These criteria are used to derive correspondence and tiling rules. The correspondence rules are local (data in adjacent slices are used to determine the correspondence between contours). The tiling rules prohibit those undesired tilings or nonsensical surfaces, and allow detection of branching regions and dissimilar portions of contours. In conjunction with the rules, the method combines a multipass tiling algorithm that first constructs tilings for all regions not violating any of the tiling rules, and in a second and third pass, processes regions that violate these rules (holes, branching regions and dissimilar portions of contours), by tiling to their medial axes. Topologies that violate criterion 2 due to under-sampling of the original data might generate distorted results, as shown in FIG. 9, where examples of topologies are shown that cannot be processed because they violate criterion 2 by having two points of intersection with a line L perpendicular to the slice. An example of surface reconstruction of the brain hemisphere produced by the algorithm of Bajaj et al. is shown in FIG. 10. It is generated from a set of contour data that has been manually traced from 52 MRI image slices. The approach produces significantly fewer triangles than the marching cubes approach as described in W. E. Lorensen and H. E. Cline, “Marching Cubes: A high resolution 3D surface construction algorithm”, in M. C. Stone, editor, Computer Graphics (SIGGRAPH '87 Proceedings), volume 21, pages 163-169, 1987, and as described in U.S. Pat. No. 4,710,876, but is much slower. FIG. 10(a) represents a Gouraud shading and FIG. 10(b) represents a wire frame of a reconstructed brain hemisphere.
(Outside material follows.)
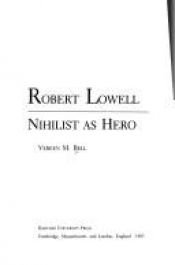 book cover of Robert Lowell, nihilist as hero by Vereen M. Bell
The current standard technique for extracting iso-surfaces (Σ) from a 3D grid of data is the Marching-Cubes algorithm (MC), revealed in the patents U.S. Pat. No. 4,710,876 and U.S. Pat. No. 4,729,098, and the related paper W. E. Lorensen and H. E. Cline, “Marching Cubes: A high resolution 3D surface construction algorithm”, in M. C. Stone, editor, Computer Graphics (SIGGRAPH '87 Proceedings), volume 21, pages 163-169, 1987.
MC is based on the idea of combining interpolation, segmentation, and surface construction in one single step, but this implicit segmentation is sometimes very difficult, if not impossible, e.g. with noisy data.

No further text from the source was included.